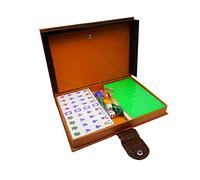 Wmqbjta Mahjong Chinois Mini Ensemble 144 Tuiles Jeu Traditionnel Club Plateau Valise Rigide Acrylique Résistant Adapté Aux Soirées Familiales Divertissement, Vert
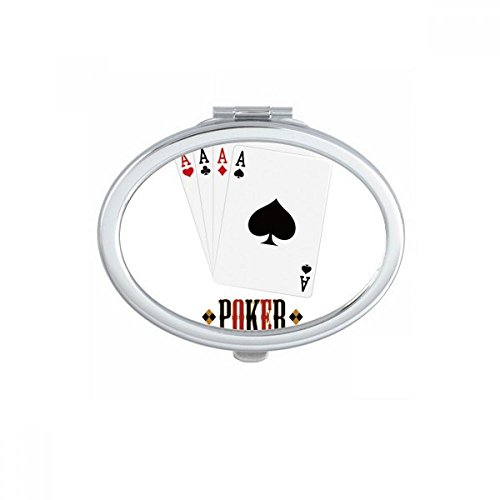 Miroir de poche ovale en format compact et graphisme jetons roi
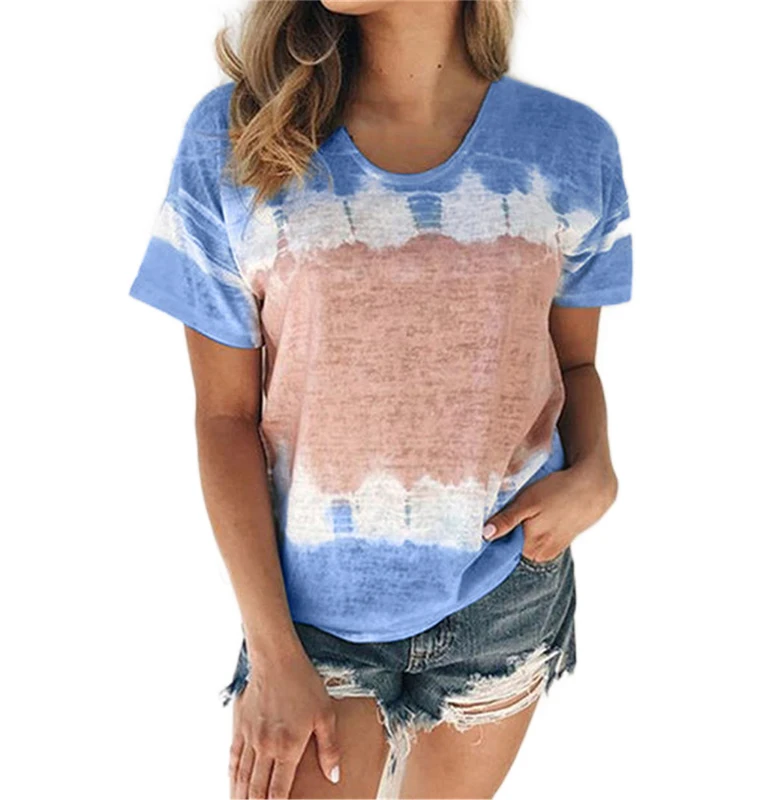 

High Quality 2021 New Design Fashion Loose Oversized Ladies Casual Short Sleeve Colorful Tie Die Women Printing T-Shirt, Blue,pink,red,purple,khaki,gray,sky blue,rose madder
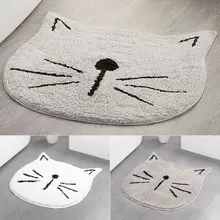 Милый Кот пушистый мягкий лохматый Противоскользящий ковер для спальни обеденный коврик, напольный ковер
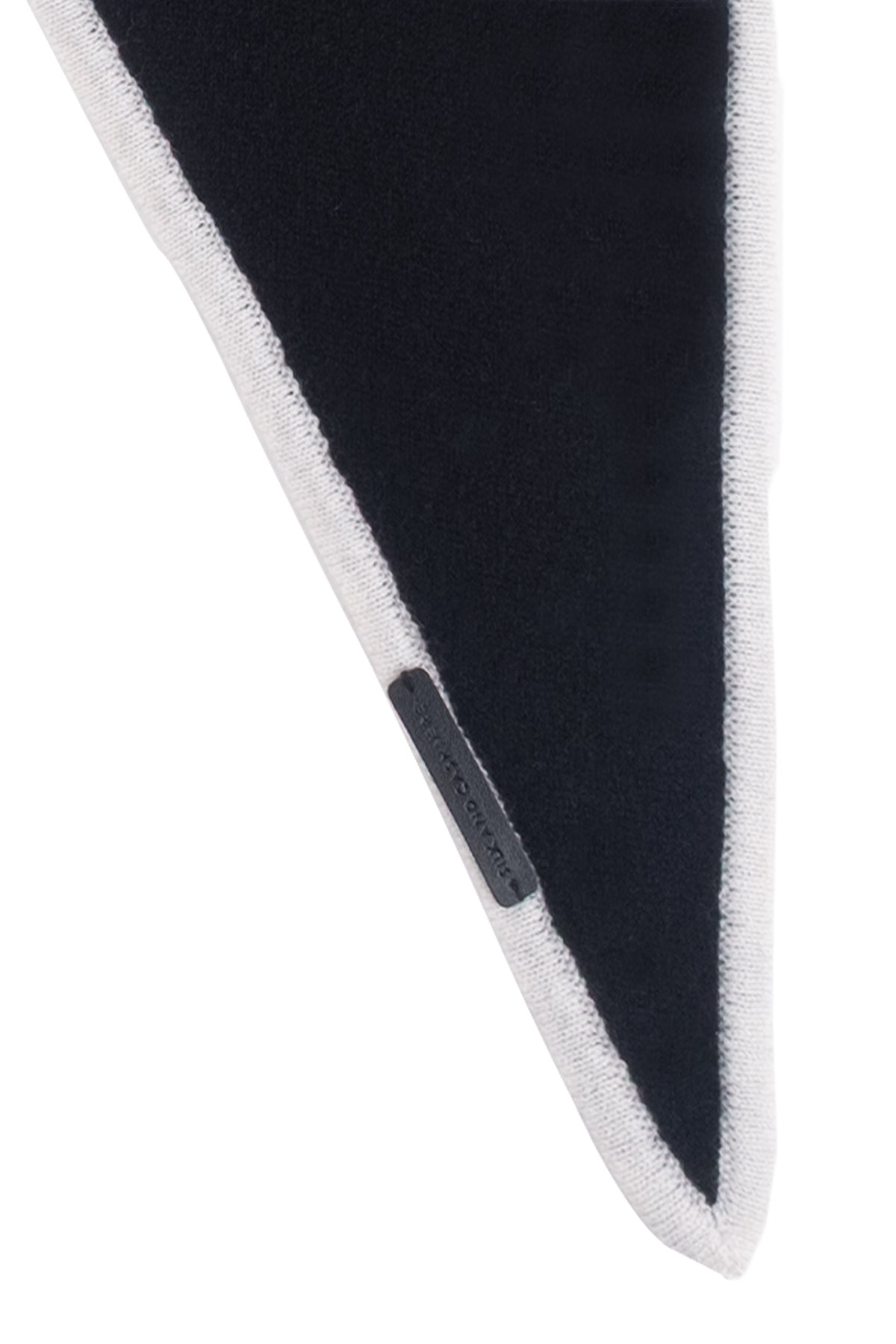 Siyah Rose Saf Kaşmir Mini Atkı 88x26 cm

**WHAT TO DO**
Word for word, give the data above again, without any images.

**EXERCISE SOLUTION**
 Wmqbjta Mahjong Chinois Mini Ensemble 144 Tuiles Jeu Traditionnel Club Plateau Valise Rigide Acrylique Résistant Adapté Aux Soirées Familiales Divertissement, Vert
 Miroir de poche ovale en format compact et graphisme jetons roi

High Quality 2021 New Design Fashion Loose Oversized Ladies Casual Short Sleeve Colorful Tie Die Women Printing T-Shirt, Blue,pink,red,purple,khaki,gray,sky blue,rose madder
 Милый Кот пушистый мягкий лохматый Противоскользящий ковер для спальни обеденный коврик, напольный ковер
 Siyah Rose Saf Kaşmir Mini Atkı 88x26 cm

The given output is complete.